Fünf Gründe, warum Unternehmen EaaS-Angebote nutzen sollten:
- 1. Statt hoher Anschaffungskosten erfolgt die Abrechnung wertorientiert (Pay-Per-X).
- 2. Während eine Maschine Teil der Unternehmensbilanz ist (CapEx), ist dies bei Maschinen, die über EaaS-Angebote genutzt werden, nicht der Fall (OpEx).
- 3. Durch die Übernahme verschiedener Risiken, kann sich der Service-Anwender auf seine Kernkompetenzen fokussieren.
- 4. Die relativ kurzen Vertragslaufzeiten (mindestens ca. 1-2 Jahre) erlauben es, nicht mehr benötigte Maschinen zu kündigen. Dadurch kann auch frühzeitig auf neue Technologien im Kontext von Industrie 4.0 gesetzt werden.
- 5. Das Know-how des Service-Anbieters bei der Maschinenkonfiguration und deren -betrieb ermöglichen es, die Maschine mit einem höheren OEE-Wert (Overall Equipment Effectiveness) zu betreiben, als es der Kunde sonst erreichen würde.
Fazit
Aufgrund der sich immer schneller ändernden Marktbedingungen und technologischen Entwicklungen sind innovative Geschäftsmodelle wie EaaS sowohl für Hersteller von Maschinen- und Anlagen als auch für deren Kunden interessant. Dabei können die Hersteller durch die wertorientierte Preisgestaltung neue Kundengruppen ansprechen und die Integration in die Prozessabläufe beim Kunden sorgt für ein besseres Kundenverständnis. Gleichzeitig profitieren die Kunden von unterschiedlichen Risikoübertragungen auf den Hersteller und einem insgesamt effizienteren Maschinenbetrieb.

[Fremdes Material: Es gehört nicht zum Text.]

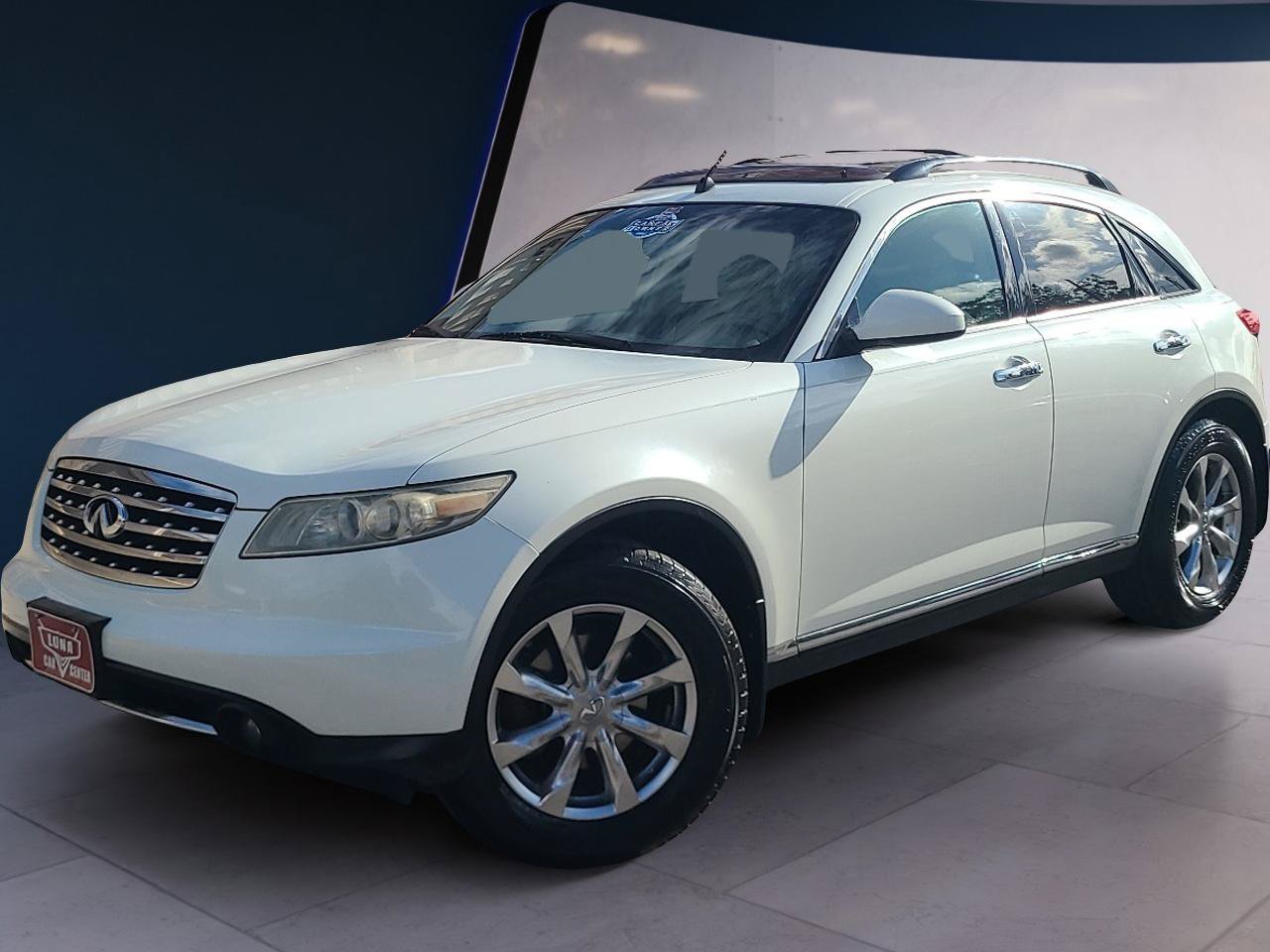 Used 2008 INFINITI FX35 2WD w/ Touring Pkg image 1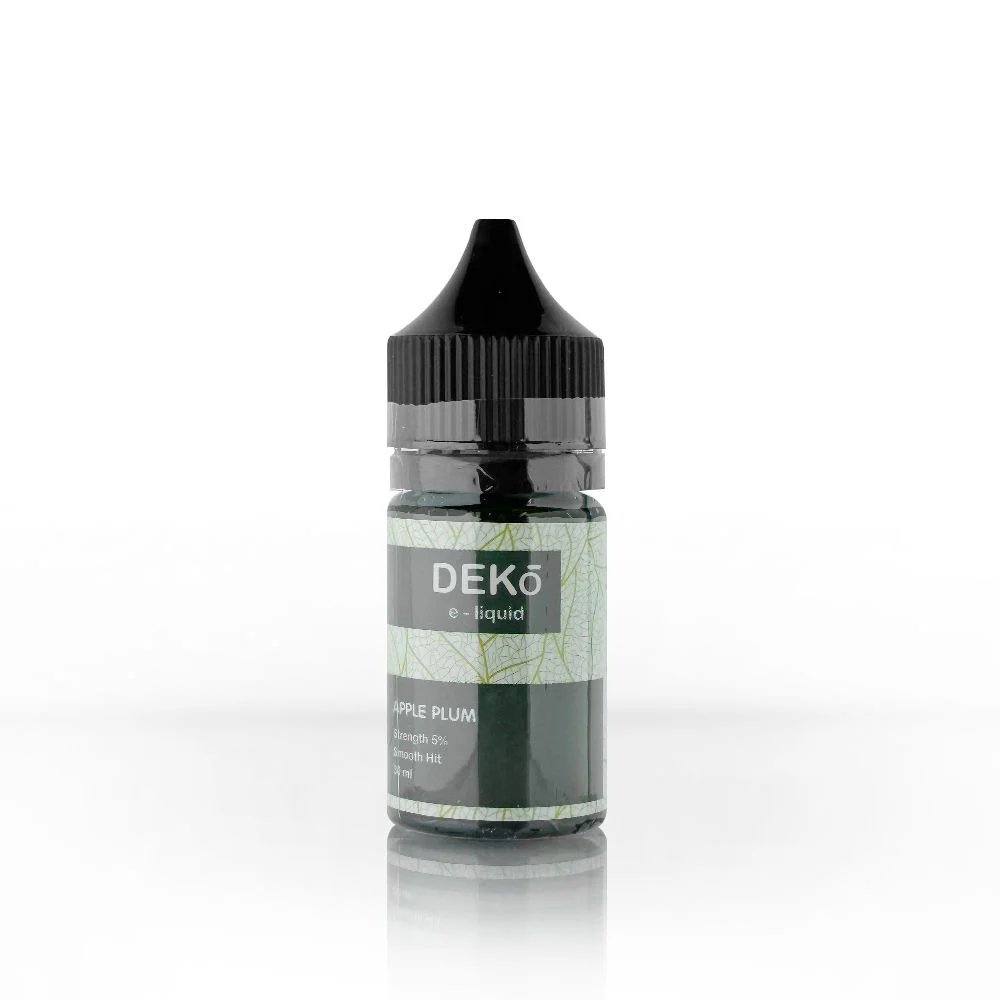 Deko TÁO MẬN Saltnic (30ml / 30mg / 50mg)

Im zweiten Teil dieser Blogreihe steht der EaaS-Canvas im Mittelpunkt. Der EaaS-Canvas ist ein vom Fraunhofer IAO entwickeltes Werkzeug zur Konzeption von EaaS-Geschäftsmodellen (siehe Leselinks).
Ein methodisches Vorgehen, um den EaaS-Canvas auszufüllen, wird im Methodenleitfaden Equipment-as-a-Service (EaaS) beschrieben, der gemeinsam mit dem Fraunhofer IPA erstellt wurde. Dieser Methodenleitfaden ist auch Inhalt des Workshops Innovation im Maschinen- und Anlagenbau durch wertorientierte Geschäftsmodelle und Pay-per-X, der am 18.09.2024 am Fraunhofer-Institutszentrum in Stuttgart gemeinsam mit dem Fraunhofer IPA und der Allianz Industrie 4.0 BW (VDMA) durchgeführt wird. Interessierte Unternehmen können sich anmelden.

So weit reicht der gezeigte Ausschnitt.